Saturday, December 29, 2012

Something's Cooking on Saturday

If you knew me as a child, a teen, or a young adult, ie. anytime before I got married and had real responsibilities, you would know that I didn't cook.  Cooking for me meant opening up a box of mac & cheese or putting a pizza in the oven.  Oh, there was the rare occasion that I would actually make something.  Sometimes I got lucky but most of the time it was far from edible.  Going out on a limb and "creating my own recipe" was flipping the box of mac & cheese upside down and opening it from the bottom.  Hey, that's not in the directions so that's new.

Marriage has a way of changing a girl.  See, I have this amazing heritage of women who can create something out of nothing and it was always mouth watering good.  Far be it for me to break that trend.  So began the process of seeing what I could do.  Over the years my husband has been kind enough to eat everything I put in front of him and I guess I haven't done all that bad as he is still alive.  When I had my kids I had a great revelation, after babies are done with formula alone you actually have to feed them.  And, it's generally not wise to make them live on mac & cheese alone.  I had to COOK.  For the record, there was no mention of this in the manual when I got these kids.

At first, I was one of "those" cooks who lived by what it said in the recipe.  There was no veering off course at all.  Every time I did the result was not pleasant.  But, somewhere along the way the strangest thing happened.  I, Sandy Cantesano, actually learned how to cook.  Not only did I learn how but I actually enjoy it, most of the time.  And surprisingly enough, I have made some dinners that would be worthy of Grandma's pallet...if I was lucky enough to still have her around to taste it.
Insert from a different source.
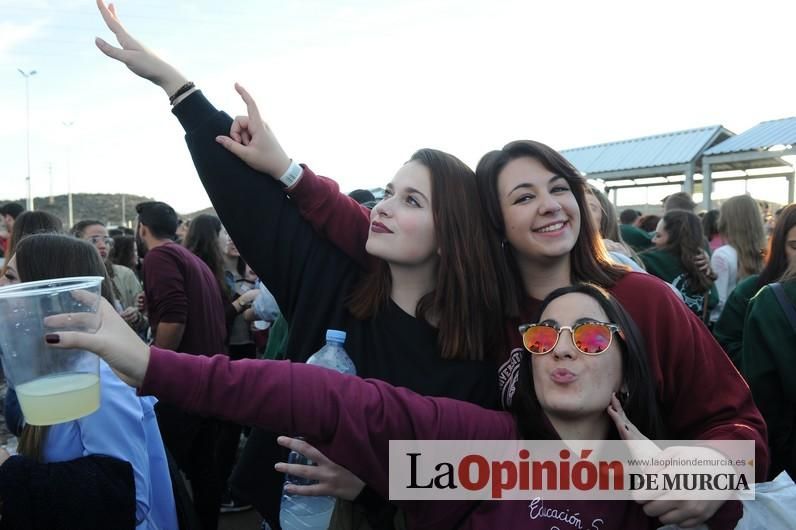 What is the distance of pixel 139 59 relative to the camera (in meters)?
1.60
So, today is Saturday.  One of those rare Saturdays where we don't have any plans, no place I have to go, no trucking kids somewhere they need to be.  Just a little good music on, kids quietly cleaning their rooms (yeah, right!), and me in my kitchen whipping up some dinner and treats.  As I was in my kitchen preparing my beef roast for the oven while whipping up some banana bread in my Kitchen Aid Standing Mixer (my own recipe mind you) it occurred to me how odd this is.  I still think of myself as the cook that suffers by comparison.  But, I can actually cook.  I never thought the day would come where I would make something that my children would salivate at the oven door waiting for it to come out so they could dive right into it.  But, here we are and this is that day.
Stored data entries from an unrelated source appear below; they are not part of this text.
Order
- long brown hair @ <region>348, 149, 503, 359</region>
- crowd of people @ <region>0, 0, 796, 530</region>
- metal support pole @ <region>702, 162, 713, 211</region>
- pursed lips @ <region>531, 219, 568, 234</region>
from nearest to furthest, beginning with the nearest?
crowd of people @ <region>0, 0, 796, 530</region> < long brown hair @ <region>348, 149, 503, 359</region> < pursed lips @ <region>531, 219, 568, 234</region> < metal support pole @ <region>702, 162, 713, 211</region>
I think, on days like today, of my dear Grandma Heidema and Grandma Diem.  They would be so proud...and amazed.  Probably good they are not here as I'd probably give them both a heart attack! Have you ever read the book 'Like Water for Chocolate'?  Excellent read and a must have.  In that story she cooks and whatever emotion she has at the time of her cooking is poured into the dishes she makes.  I sort of feel the same way but different.  When I lost my Grandmas I was even more inspired to pass their legacy of a good meal on to my children.  I truly believe that the day they left this earth they became my cooking angels.  And, maybe that is also why I have grown to love cooking.  When I am in my kitchen kneading dough for bread, making spatzle, putting a roast in the oven - in Grandma's roasting pot, I feel them with me. I feel this overwhelming sense of belonging and comfort, like I have finally become a part of this great legacy of women.  And, kind of like in the book, they are poured into every dish I make.  The essence of these amazing women and their legacy is right there with me as a part of the process and in each delectable morsel.
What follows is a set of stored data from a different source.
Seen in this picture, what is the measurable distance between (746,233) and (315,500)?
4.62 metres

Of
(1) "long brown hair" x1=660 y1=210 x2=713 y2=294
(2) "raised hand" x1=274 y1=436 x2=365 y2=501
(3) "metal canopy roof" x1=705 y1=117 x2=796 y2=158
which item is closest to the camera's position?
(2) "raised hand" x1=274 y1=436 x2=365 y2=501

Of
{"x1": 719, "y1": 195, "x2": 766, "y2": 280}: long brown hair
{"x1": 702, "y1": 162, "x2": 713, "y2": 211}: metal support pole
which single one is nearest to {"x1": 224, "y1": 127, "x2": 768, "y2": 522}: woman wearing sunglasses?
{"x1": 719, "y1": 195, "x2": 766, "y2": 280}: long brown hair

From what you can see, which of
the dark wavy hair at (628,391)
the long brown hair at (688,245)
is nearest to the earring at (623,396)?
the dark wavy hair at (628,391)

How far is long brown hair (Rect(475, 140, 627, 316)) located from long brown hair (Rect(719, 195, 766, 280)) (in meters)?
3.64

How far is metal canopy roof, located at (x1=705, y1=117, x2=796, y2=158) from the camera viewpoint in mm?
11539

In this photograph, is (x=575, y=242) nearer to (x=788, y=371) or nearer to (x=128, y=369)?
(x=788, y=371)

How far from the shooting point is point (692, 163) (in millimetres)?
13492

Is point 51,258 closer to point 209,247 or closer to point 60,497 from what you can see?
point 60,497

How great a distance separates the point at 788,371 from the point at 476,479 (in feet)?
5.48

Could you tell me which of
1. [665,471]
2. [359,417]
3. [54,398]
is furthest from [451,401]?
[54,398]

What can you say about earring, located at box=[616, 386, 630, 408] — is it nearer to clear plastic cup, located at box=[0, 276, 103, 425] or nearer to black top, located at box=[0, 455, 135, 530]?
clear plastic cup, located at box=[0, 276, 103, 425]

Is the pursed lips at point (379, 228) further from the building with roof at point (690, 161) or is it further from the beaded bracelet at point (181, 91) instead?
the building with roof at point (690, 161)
I'm not sure if that saying is really true or not, "the way to a man's heart is through his stomach".  What I do know is that the way to mine is to achieve the pinnacle of success and my ultimate goal in cooking.  I can even picture it in my mind.  As the fork raises to their mouth, they shut their eyes and are taken back in time and say, "Sandy, this tastes just like your Grandmas".

Back to the kitchen I go.  Lets see if I come any closer today because something's definitely cooking in my kitchen.


1 comment:

  1. Wonderful post Sandy! I hope you continue to write more.